• [Provided entries]
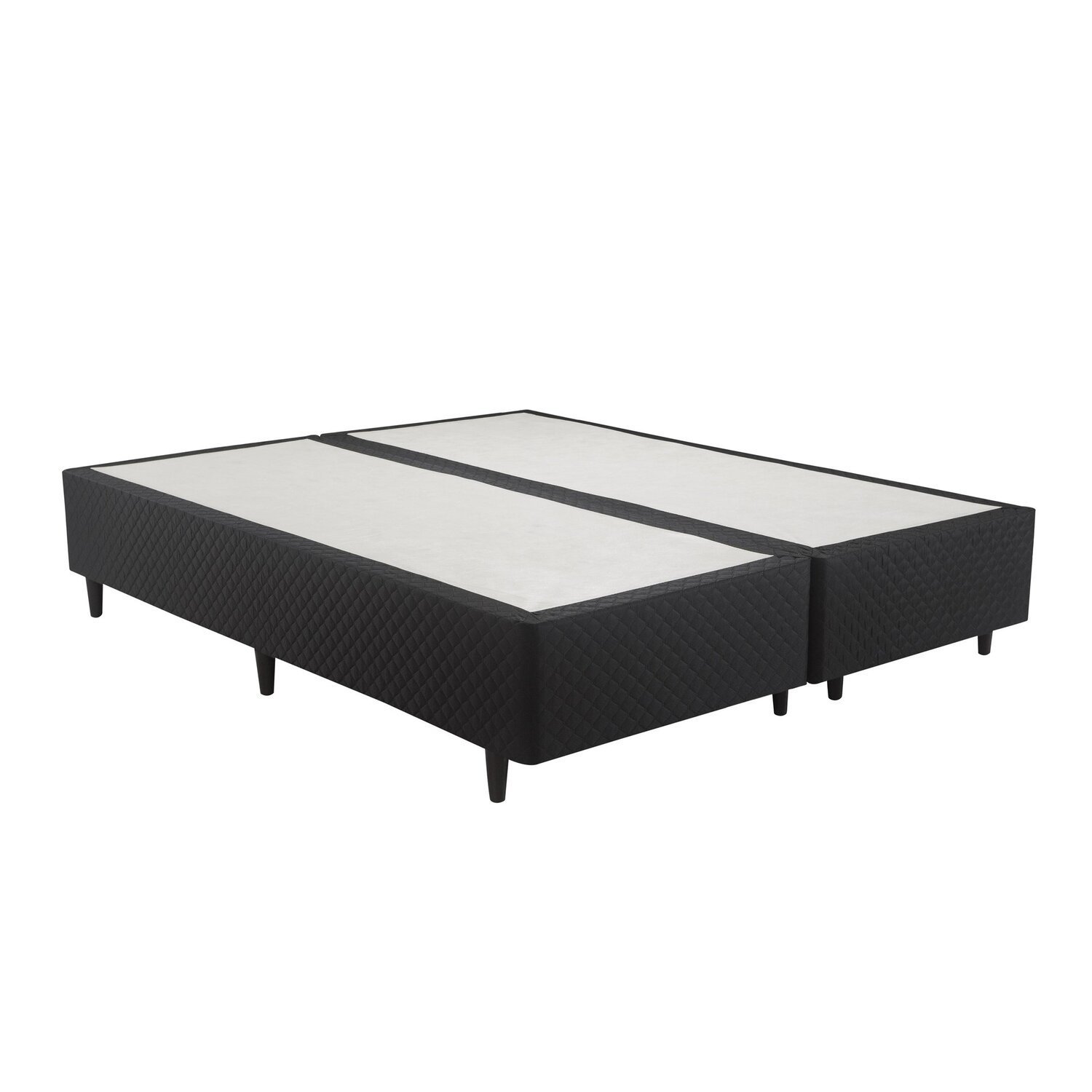 Base Box Solteiro 96x203x28cm Idea Preto Herval - 3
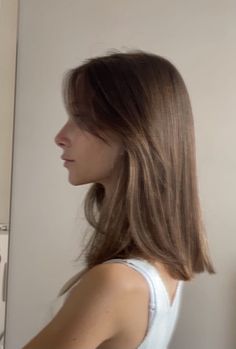 Bangs With Medium Hair, Shoulder Length Hair Cuts, Hair Inspo Color, Shoulder Length Hair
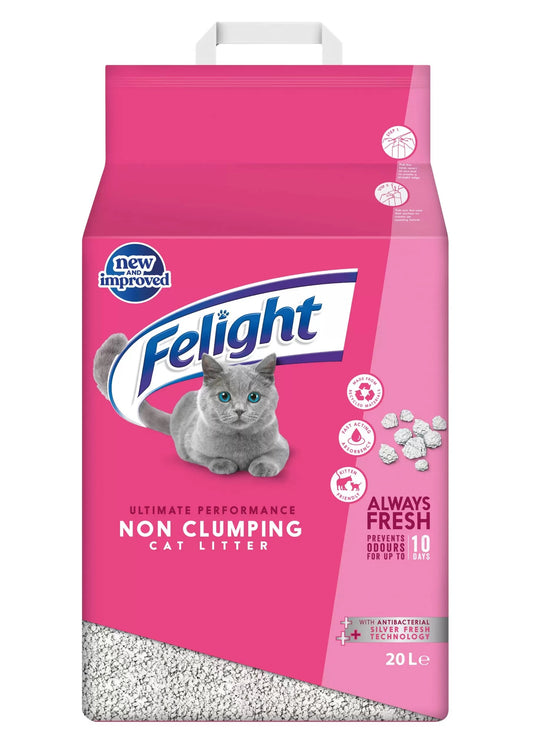 BM Felight AntiBac Non Clump Litter 20 L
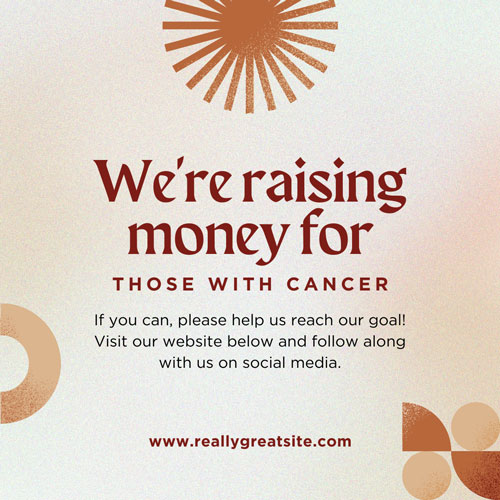 Canva Orange Earthy Grainy Raising Money And Awareness Instagram Post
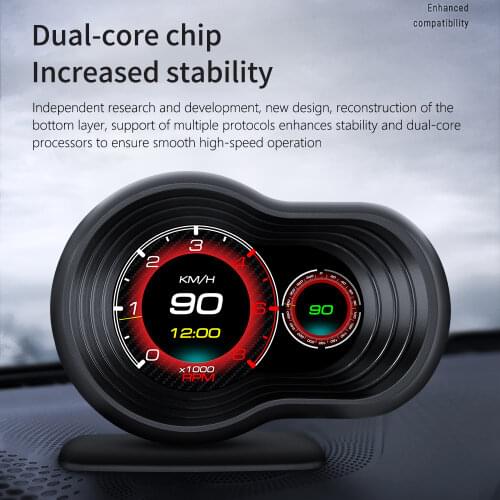 Universal Digital Guage F9 OBD HUD Head-Up Display Box Turbo Brake Test Alarm System Auto Overspeed Warning Adapter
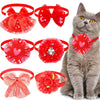 Lace Bow Tie Collar Accessory for Small Dogs and Cats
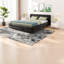Lits modernes spacieux avec rangement, plateforme en chenille pour grand lit
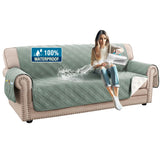 PrimeBeau 100% Waterproof Sofa Covers Washable,Thick Soft Couch Cover for Dogs with Elastic Straps (Sofa & Oversize Sofa, Diamond Shape)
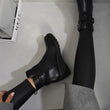Load image into Gallery viewer, Side Zip Low Wedge Chelsea Ankle Boots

• [Task requirements]
The data must come back word for word, with every picture removed.

• [Your response]
 Base Box Solteiro 96x203x28cm Idea Preto Herval - 3
 Bangs With Medium Hair, Shoulder Length Hair Cuts, Hair Inspo Color, Shoulder Length Hair
 BM Felight AntiBac Non Clump Litter 20 L
 Canva Orange Earthy Grainy Raising Money And Awareness Instagram Post
 Universal Digital Guage F9 OBD HUD Head-Up Display Box Turbo Brake Test Alarm System Auto Overspeed Warning Adapter
 Lace Bow Tie Collar Accessory for Small Dogs and Cats
Lits modernes spacieux avec rangement, plateforme en chenille pour grand lit
 PrimeBeau 100% Waterproof Sofa Covers Washable,Thick Soft Couch Cover for Dogs with Elastic Straps (Sofa & Oversize Sofa, Diamond Shape)
Load image into Gallery viewer, Side Zip Low Wedge Chelsea Ankle Boots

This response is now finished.